O pronunciamento em França

Paulo Casaca, em Bruxelas
Paulo Casaca, em Bruxelas
Foi deputado no Parlamento Europeu de 1999 a 2009, na Assembleia da República em 1992-1993 e na Assembleia Regional dos Açores em 1990-1991. Foi professor convidado no ISEG 1995-1996, bem como no ISCAL. É autor de alguns livros em economia e relações internacionais.

Termo normalmente reservado ao mundo ibérico aquém e além-mar, muito em especial no século XIX, o pronunciamento evoca uma declaração – escrita ou prática – de quem tem ou julga ter o poder das armas, intimando a autoridade a render-se à sua vontade.

E não há expressão mais apropriada para descrever a declaração de vinte generais à frente de um milhar de militares na reserva a apelar ao patriotismo do Presidente da República da França, denunciar o racialismo, o islamismo, as hordas vindas de subúrbios, elogiar os coletes amarelos, escolher como o mais insuportável dos incidentes o decapitar do professor liceal Samuel Paty à porta do colégio onde dava aulas, terminando com uma clara ameaça de golpe militar.

E cito os dois períodos finais que não deixam sobre isso margem para qualquer dúvida:

Por outro lado, se nada for feito, o laxismo continuará a espalhar-se inexoravelmente na sociedade, provocando finalmente uma explosão e a intervenção dos nossos companheiros no activo numa perigosa missão de protecção dos nossos valores civilizacionais e de salvaguarda dos nossos compatriotas no território nacional.

Como se vê, não é possível continuar a contemporizar, sob pena de, amanhã, a guerra civil colocar um fim a este caos crescente, e as mortes, cuja responsabilidade recai sobre si, se contarem por milhares.’

Como seria de esperar, Marine Le Pen viu o pronunciamento como o reflexo do seu discurso político, o Governo denunciou o que qualificou como a sua colagem oportunista ao discurso dos militares, ficando-se por críticas de contexto ao manifesto militar, e a esquerda reclamou sanções, criticou o silêncio governamental e gritou escândalo.

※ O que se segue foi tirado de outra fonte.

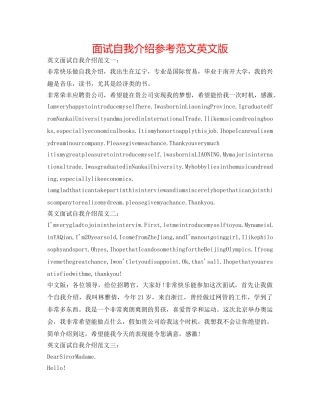 面试自我介绍参考范文英文版 
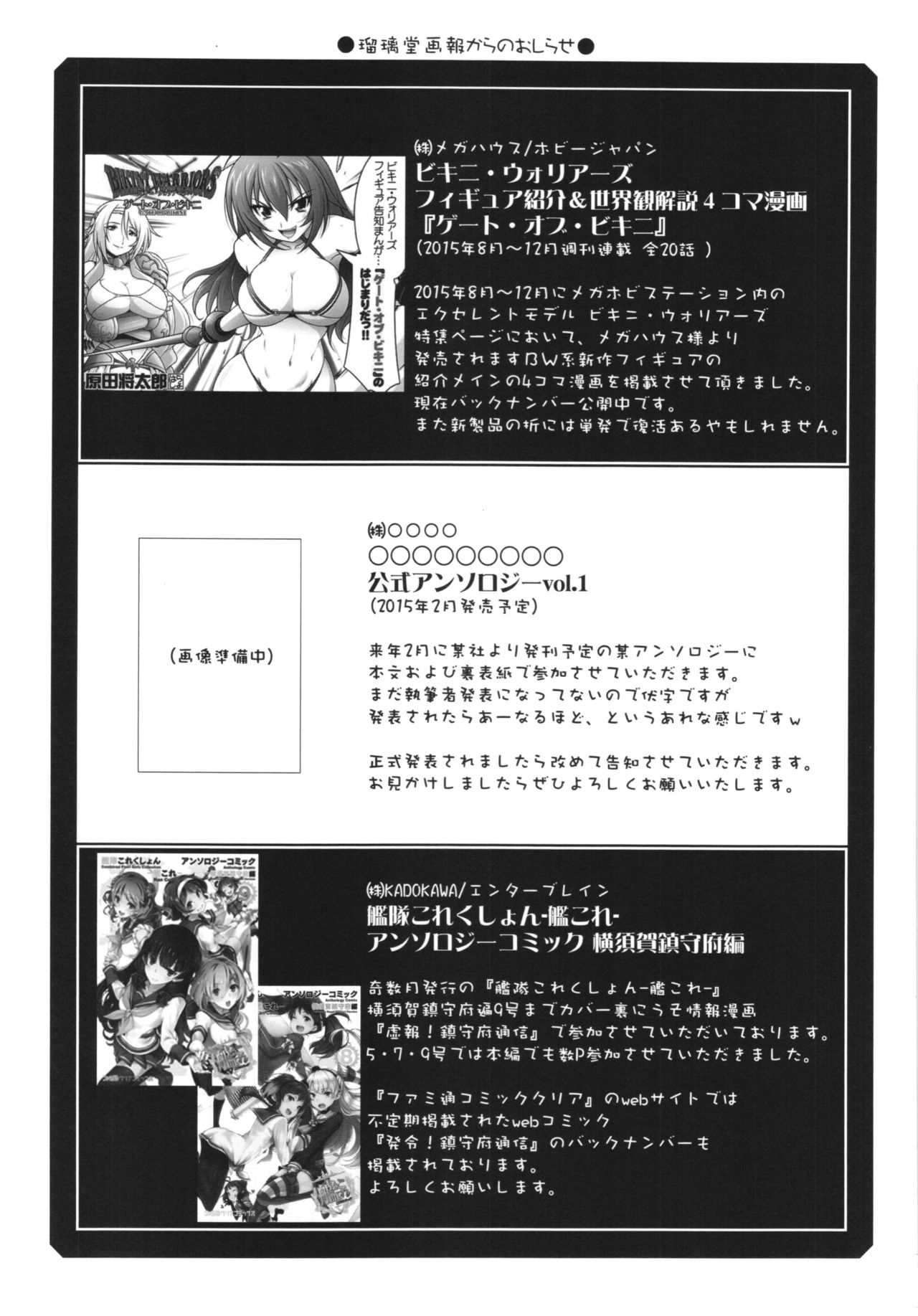 (C89) [UA Daisakusen (Harada Shoutarou)] Ruridou Gahou CODE:57 + Kaijou Genteibon (Robot Girls Z) page 31 full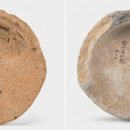 부여 가탑리사지 이미지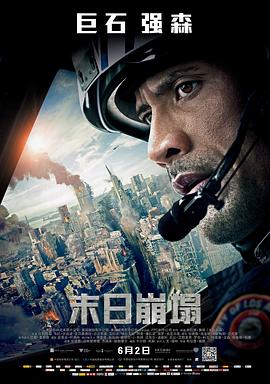 《东京种第一季》主视觉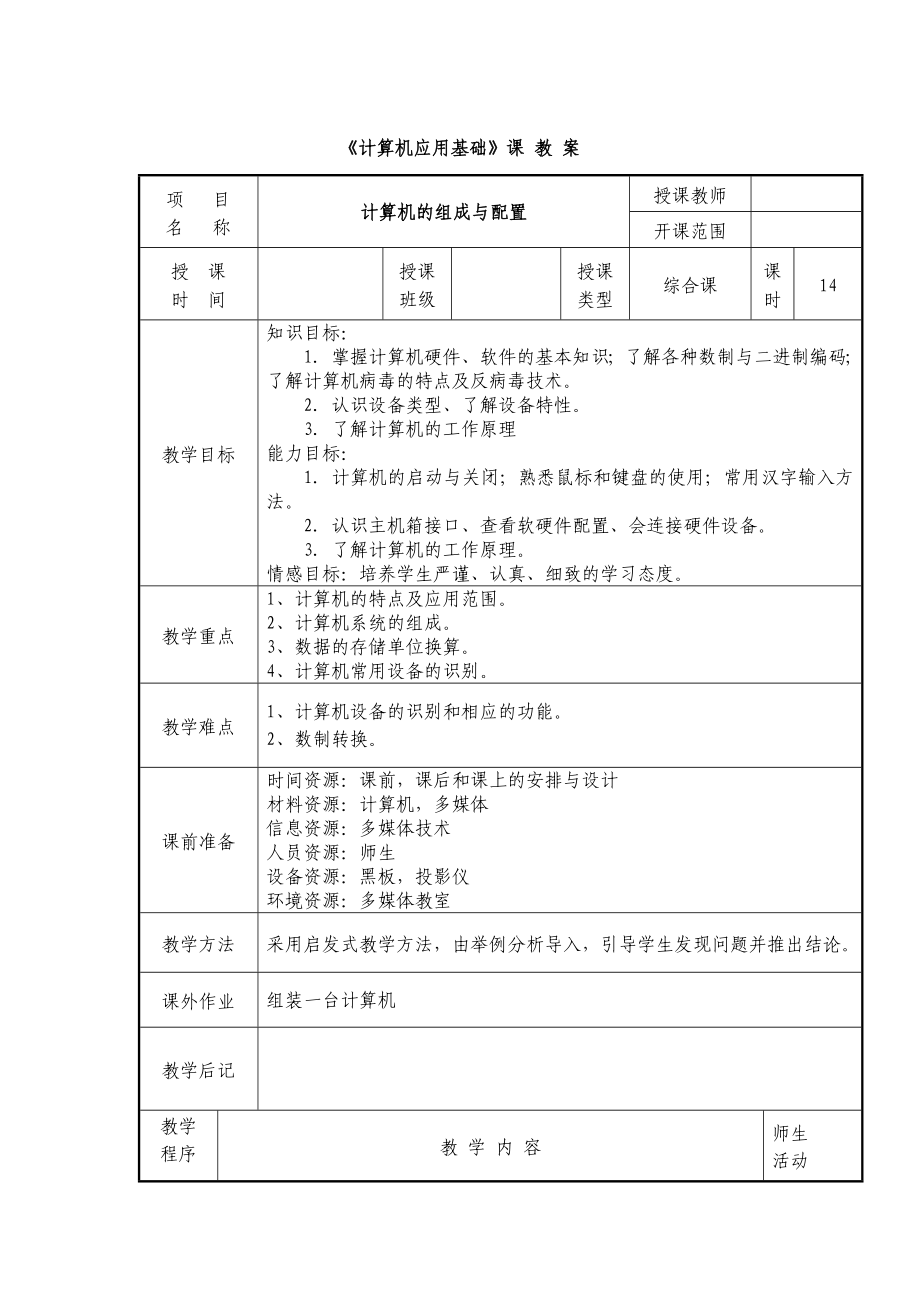 《计算机应用基础》教案_第1页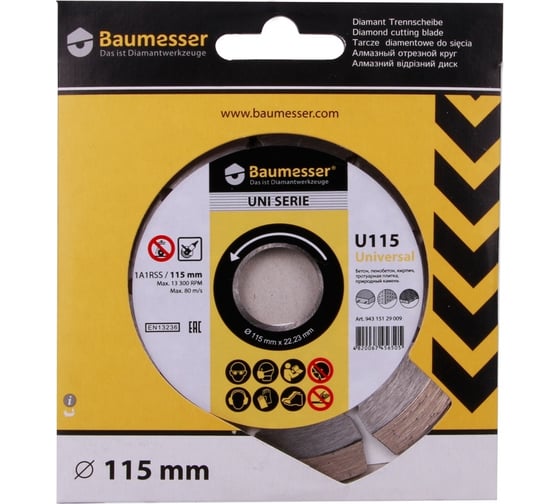 Диск алмазный сегментный по бетону Universal (115х22.2 мм) Baumesser 94315129009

Mélenchon, o dirigente da França Insubmissa, o maior agrupamento político da esquerda parlamentar, um dos incontáveis dissidentes socialistas e o que mais contribuiu para a diluição de tudo o que são as coordenadas da esquerda no oportunismo da submissão ao islamismo, fez questão de entregar a devida queixa contra os golpistas à Procuradoria, que a rejeitou liminarmente.

Mas a esquerda está para todos os efeitos desaparecida, e nenhuma sondagem em qualquer cenário, qualquer que seja o seu candidato, prevê que ela consiga chegar à segunda volta das eleições presidenciais, pelo que tudo se joga no contexto da direita, a mais radical, de Le Pen, a do Governo, e a das incontáveis facções em que se desfazem os herdeiros do gaulismo.

Mas nem o senhor Presidente da República, nem qualquer dos potenciais candidatos da direita à presidência ousou vir a terreiro pronunciar-se sobre o pronunciamento o que, tendo em vista os resultados das sondagens, 58% dos franceses a favor do pronunciamento militar, e a sua dificuldade em se afirmar como estadistas, não é surpreendente.

E a Europa, essa mesma Europa que regularmente dá lições de boas maneiras ao mundo e que reserva as mais duras condenações aos golpes militares, por definição um anacronismo do passado, essa, ficou-se por um sepulcral silêncio.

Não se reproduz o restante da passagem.